La adaptación de la doctrina positivista en México fue un trabajo difícil y no faltaron ataques ni detractores. Desde su inicio, Gabino Barreda modificó las premisas básicas de Comte. Según el intelectual mexicano Justo Sierra, el positivismo fue un instrumento al servicio de la “burguesía mexicana” en un momento en que la situación creada por la dictadura de Porfirio Díaz conducía implacablemente al deterioro y la caducidad de doctrinas que en su momento parecían la respuesta a todos los problemas nacionales (Zea, 2002).
Todo régimen político suele fincar su legitimidad en una idea o una ideología. El porfiriato no fue la excepción. Desde los primeros meses en el poder, en 1877, Porfirio Díaz fundamentó su gobierno en una filosofía apartada del liberalismo puro, propugnado por los hombres de la Reforma liberal de 1857. Así, se proponía la abolición de los fueros e inmunidades del clero y de la milicia, la desamortización de los bienes raíces de la Iglesia católica, la destrucción del monopolio que la Iglesia ejercía en la educación y la consolidación de la igualdad política y social ante la ley de todos los ciudadanos mexicanos. En pocas palabras, una secularización del país (Krause y Zerón-Medina, 1993).
El vehículo de difusión de esta nueva propuesta ideológica, de corte positivista, fue un efímero periódico llamado, paradójicamente, La Libertad, fundado por un grupo de jóvenes entre los que se encontraban, entre otros, Justo y Santiago Sierra, Francisco G. Cosmes, Telésforo García y Jorge Hammenken. El nombre del periódico resulta paradójico ya que en realidad su objetivo limitaba la libertad: “Declaramos no comprender la libertad si no es realizada dentro del orden, y somos por eso conservadores; ni el orden si no es el impulso normal hacia el progreso, y somos por tanto liberales”. Formados en la Escuela Nacional Preparatoria (fundada en 1867 por Gabino Barreda), estos jóvenes creían aplicable a la realidad mexicana la doctrina positivista de las tres etapas de la humanidad: la teológica, la metafísica y la positiva.

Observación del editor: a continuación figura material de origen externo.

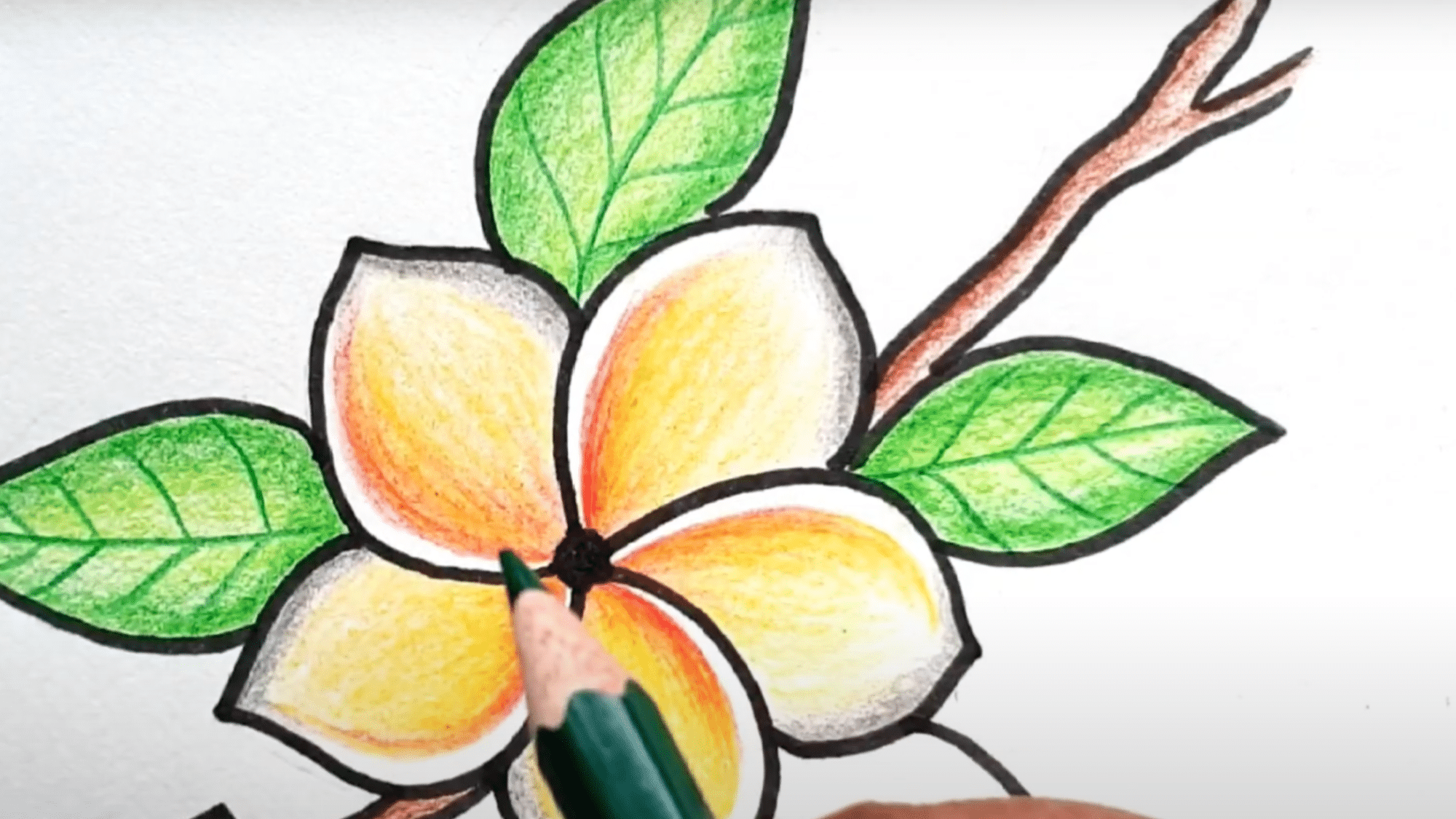 Color_the_Flower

México, país religioso en su origen y metafísico en tiempos de la Reforma de 1857, podía tener acceso a una etapa “positiva” a costa de sacrificar el fanatismo religioso y la libertad. A la postre, la tríada de valores será la divisa de don Porfirio: orden, paz y progreso. Además del positivismo comtiano, los porfiristas utilizaron las teorías evolucionistas de Herbert Spencer y algunos elementos de darwinismo social. Así, Sierra –ideólogo del régimen– pudo sostener que México había conocido tres etapas de evolución a partir de un pasado indígena y colonial casi inerte: “la Independencia, que dio vida a nuestra personalidad nacional; la Reforma, que dio vida a nuestra personalidad social; y la paz (la paz porfiriana), que dio vida a nuestra personalidad internacional” (Krause y Zerón-Medina, 1993).

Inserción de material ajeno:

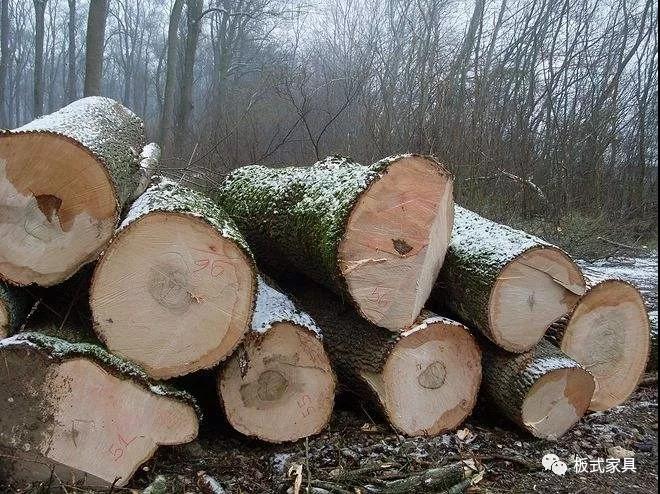 北美白蜡木近期行情走势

La filosofía y la espiritualidad del país han impregnado la mentalidad de los regiomontanos. En el ámbito educativo, la filosofía y el manejo de la política, el liberalismo y el conservadurismo se han enfrentado a lo largo del siglo XX. Sin embargo, en la organización de la Fundidora, un régimen estricto y una jerarquía bien definida han sido características de esta gran empresa.

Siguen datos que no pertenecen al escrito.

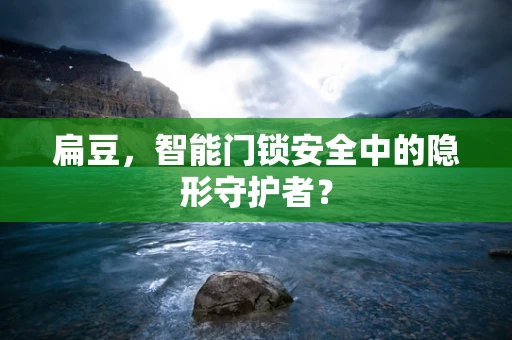 扁豆，智能门锁安全中的隐形守护者？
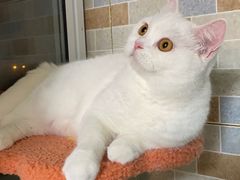 -老吴的猫·猫舍(新区店)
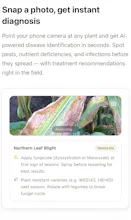 Cropple.AI gallery image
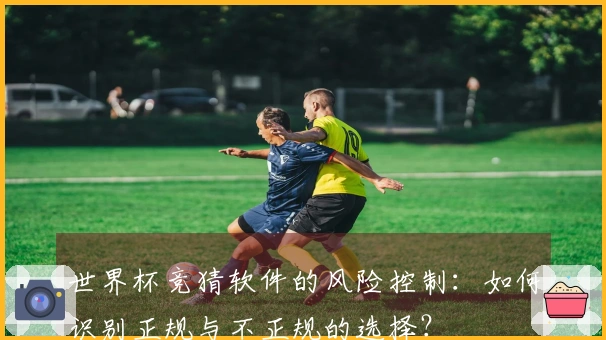 世界杯竞猜软件的风险控制：如何识别正规与不正规的选择？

Los ferrocarriles en México
El periodo comprendido entre finales del siglo xix y principios del xx se caracteriza por la construcción a gran escala de la red ferroviaria en México y este cambio ha tenido un impacto fundamental en el desarrollo de la Fundidora. En 1876 se contaba con 650 kilómetros de vía, y para 1911 la longitud de la red ferroviaria era de 24,000 kilómetros. En este periodo se consideró que la comunicación era un factor indispensable para el crecimiento del país, y los ferrocarriles fueron determinantes para lograr este objetivo, sobre todo entre las principales ciudades de México, es decir, aquellas que se veían beneficiadas por las políticas de estímulo de inversiones. Así, México se convirtió, junto con Argentina y Uruguay, en un país cuya vía férrea llegaba a las regiones más importantes del país (Vázquez, 1999).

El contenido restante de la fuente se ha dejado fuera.